▸ **What to work on**: Look for the line containing "Ocean Scuba Diver" and the line containing "1034 Flat Mobile" in the entries below. Copy those two and all lines between them exactly, leaving out pictures.

▸ **Records to use**:
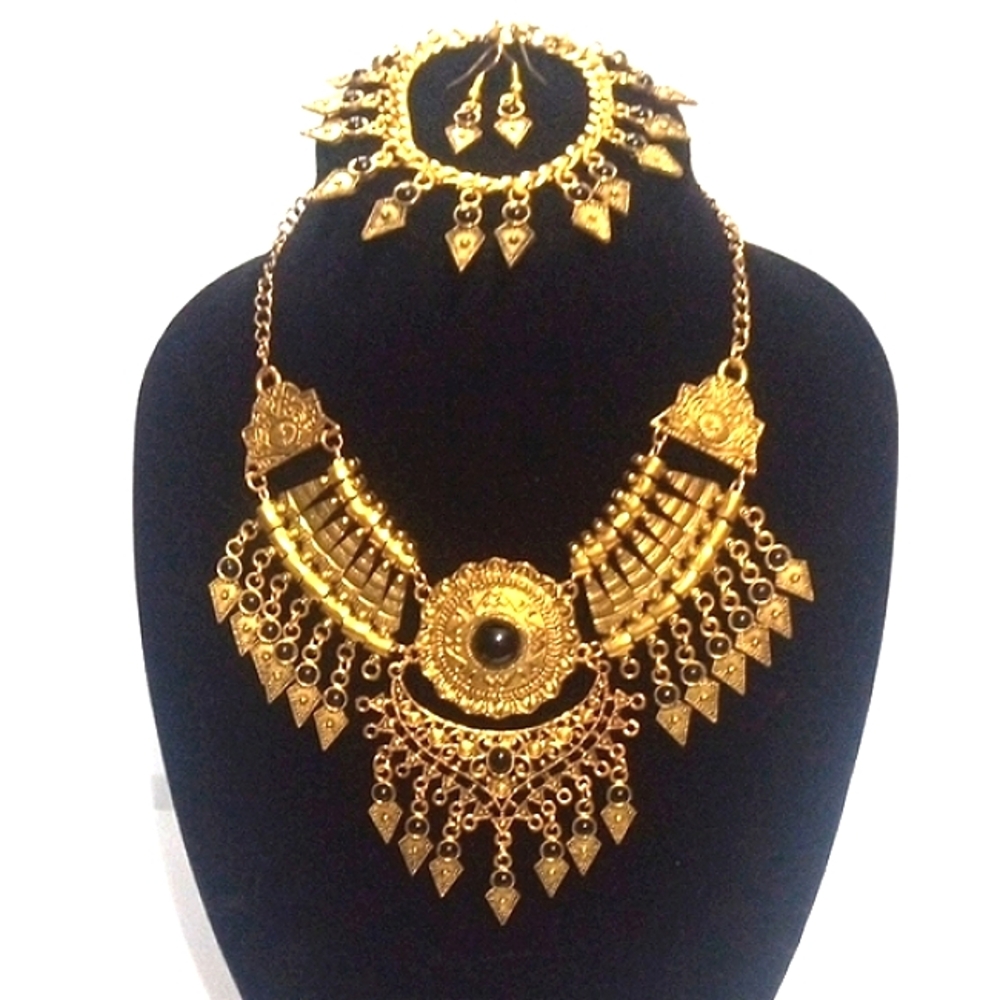 ELEGANT ARTISAN GOLDTONE BLACK BEADED 3-PC NECKLACE BRACELET  EARRINGS SET NWOT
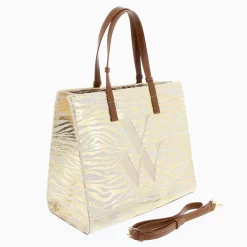 Vanessa Wu Sac Cabas Monogramme Emilia Zebre Or Outlet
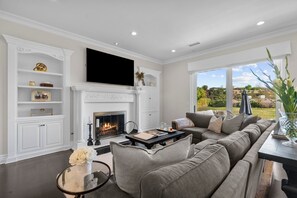 Smart TV, fireplace, DVD player, stereo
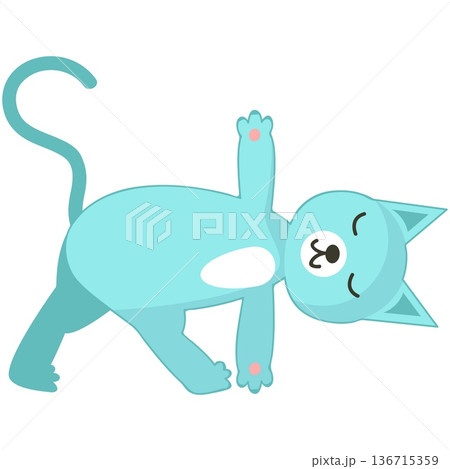 Yoga cat bending vector cute animal cartoon Yoga cat bending vector cute animal cartoon 136715359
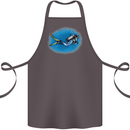 Ocean Scuba Diver Scuba Diving Cotton Apron 100% Organic Dark Grey
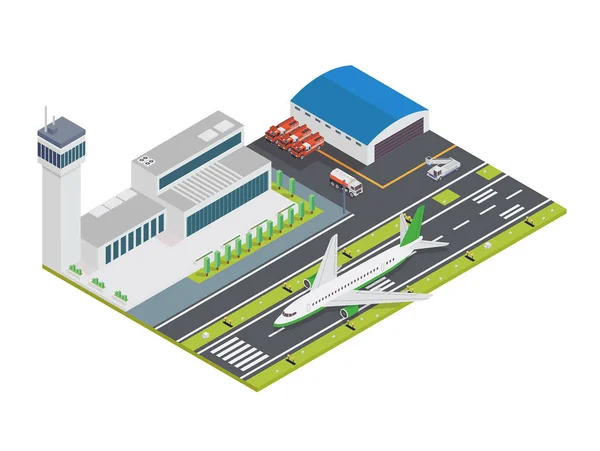 Ilustração Isométrica Terminal Aeroporto Urbano Moderno —  Vetores de Stock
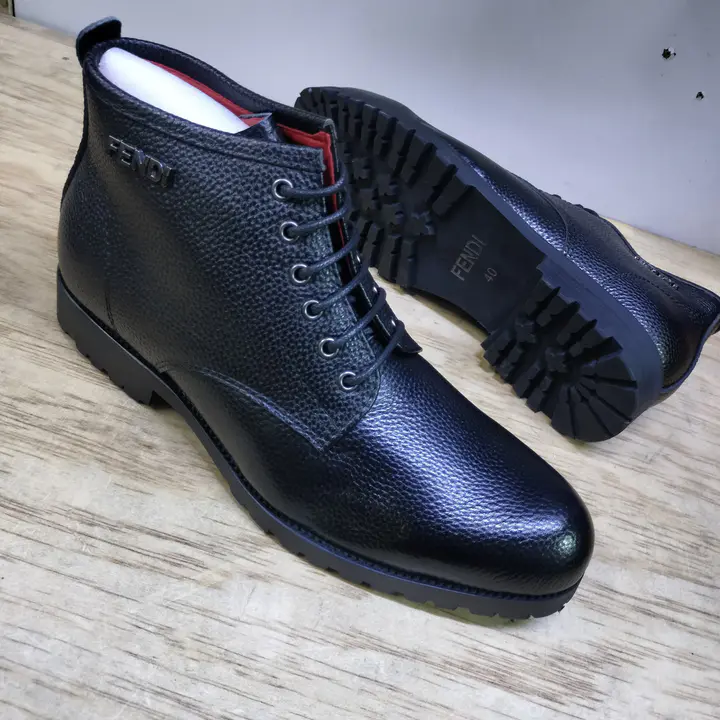 Fendi Black Leather Ankle Boots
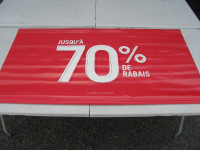 Pancarte Commercial en Vinyle Rouge et Blanc Jusqu'à 70% de Raba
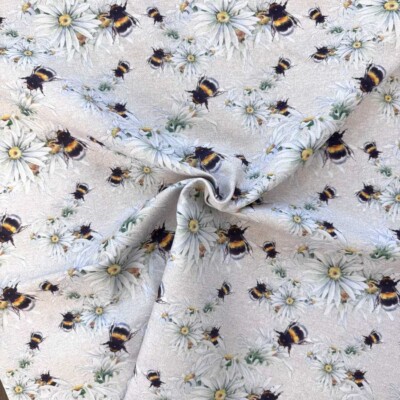 Detail of woven canvas half panama with floral print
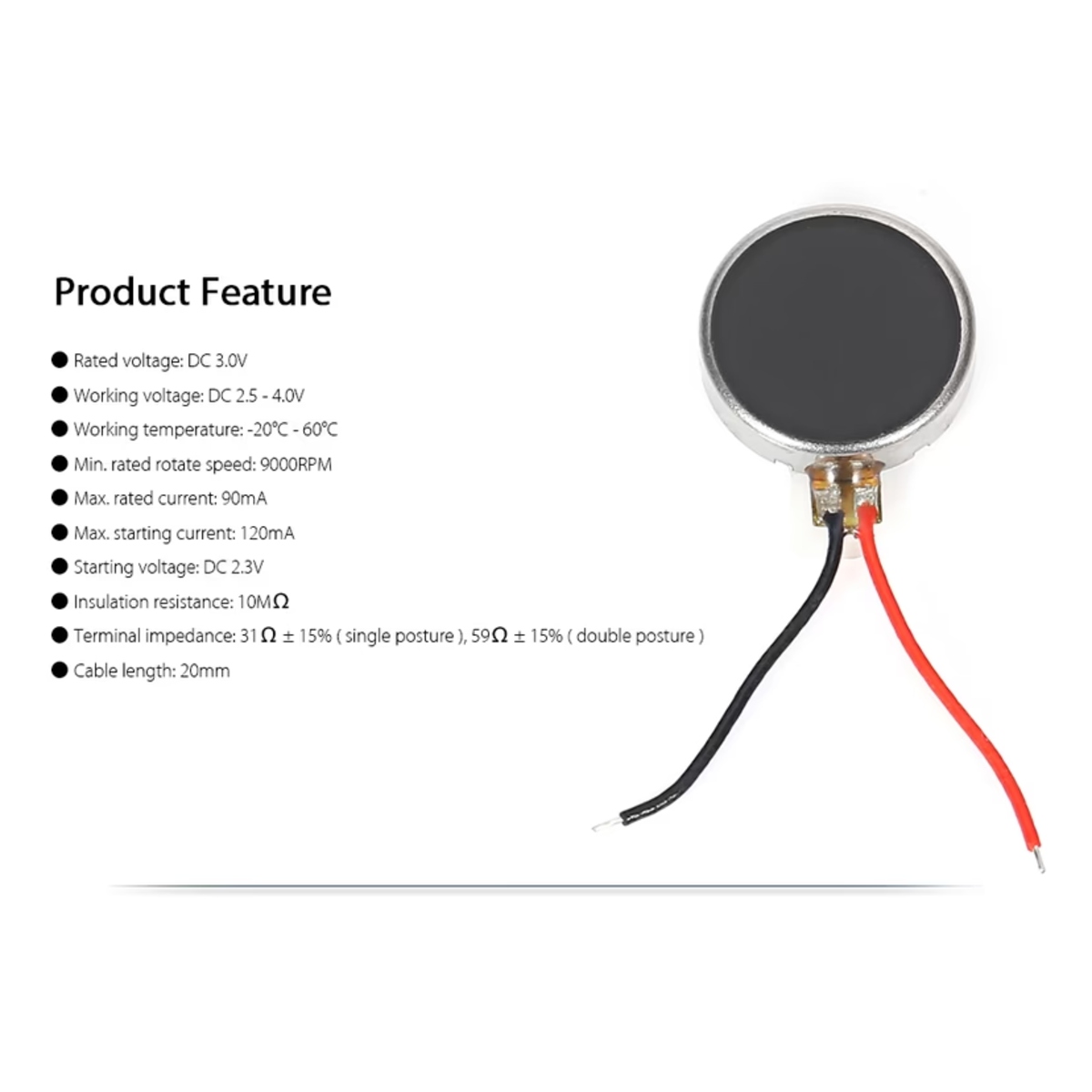 1034 Flat Mobile Phone Vibrator Motor 9mm x 3mm DC Micro Vibration Motor (ERM Coin Type) image 2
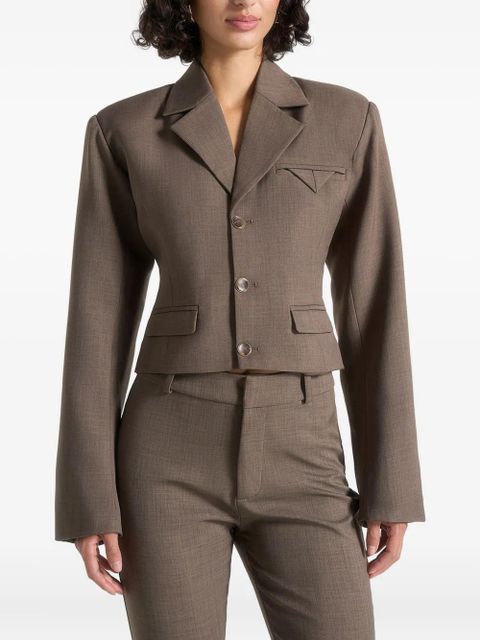 Manière De Voir Prisca cropped blazer - Brown - zdjęcie produktu nr 1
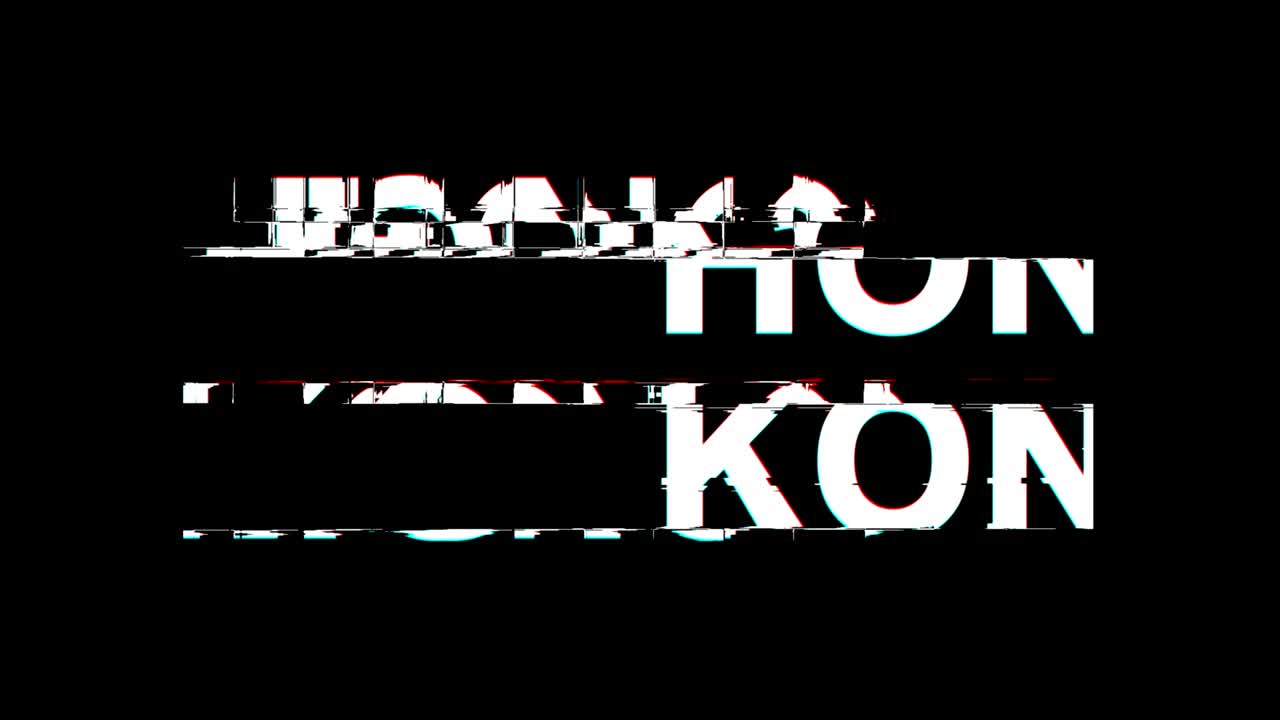 HONG KONG Glitch efekt Text Digitální TV zkreslení 4K smyčková animace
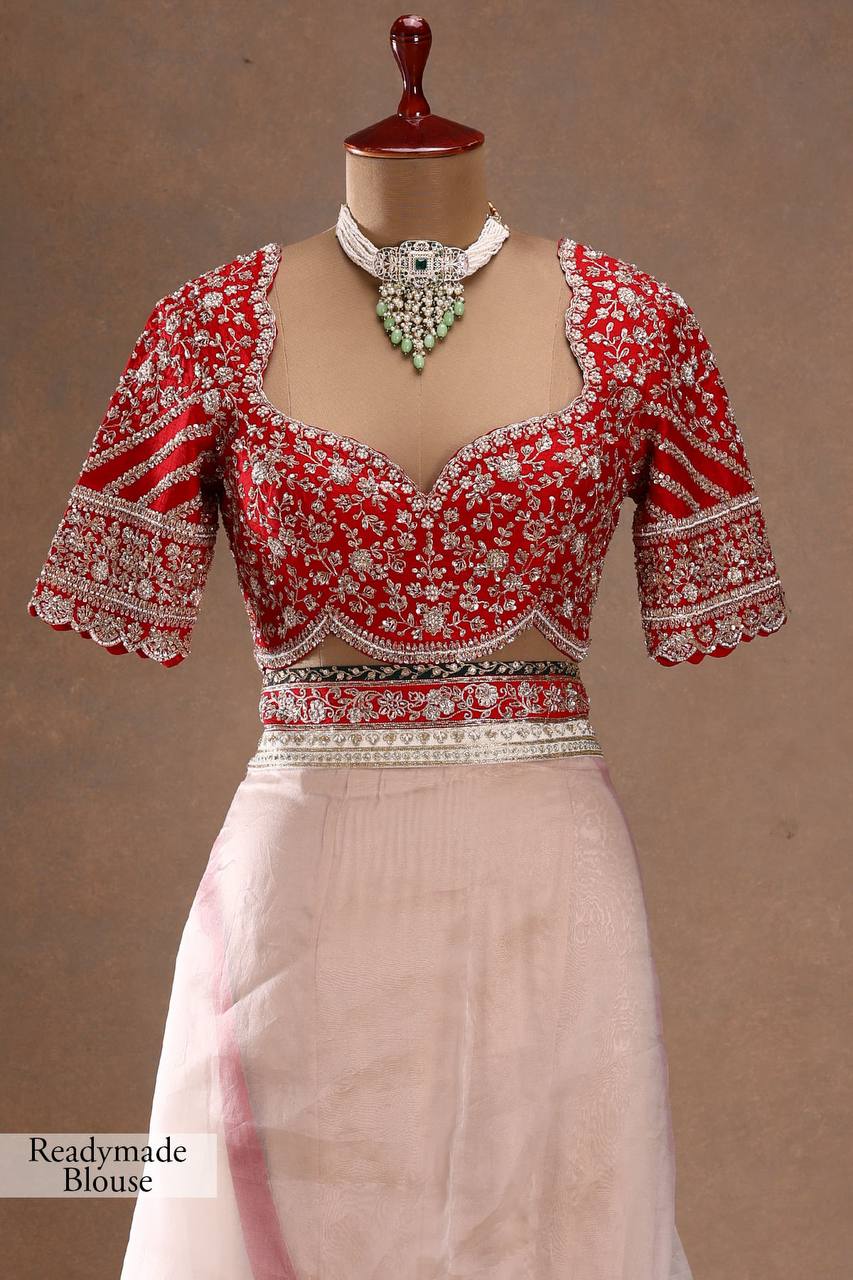 White Beautiful Dual Sequence And Cording Embroidery Work Saree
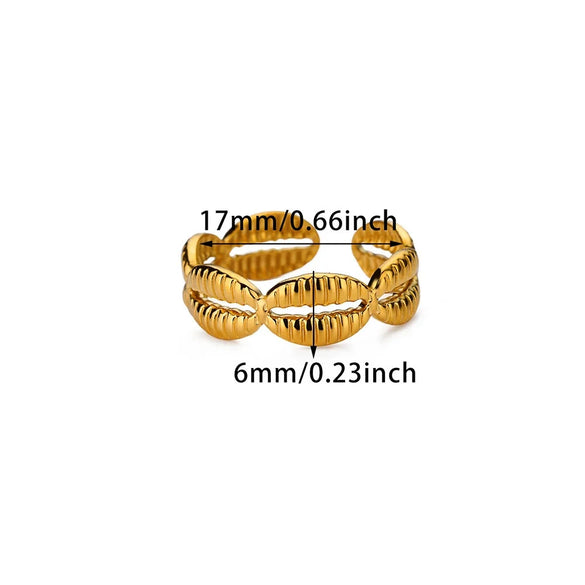 Stainless Steel Geometric Wave Texture Wide Ring Unisex Light Luxury Electroplated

▸ **Your response**:
 Ocean Scuba Diver Scuba Diving Cotton Apron 100% Organic Dark Grey
 Ilustração Isométrica Terminal Aeroporto Urbano Moderno —  Vetores de Stock
 Fendi Black Leather Ankle Boots
 Pancarte Commercial en Vinyle Rouge et Blanc Jusqu'à 70% de Raba
 Detail of woven canvas half panama with floral print
 1034 Flat Mobile Phone Vibrator Motor 9mm x 3mm DC Micro Vibration Motor (ERM Coin Type) image 2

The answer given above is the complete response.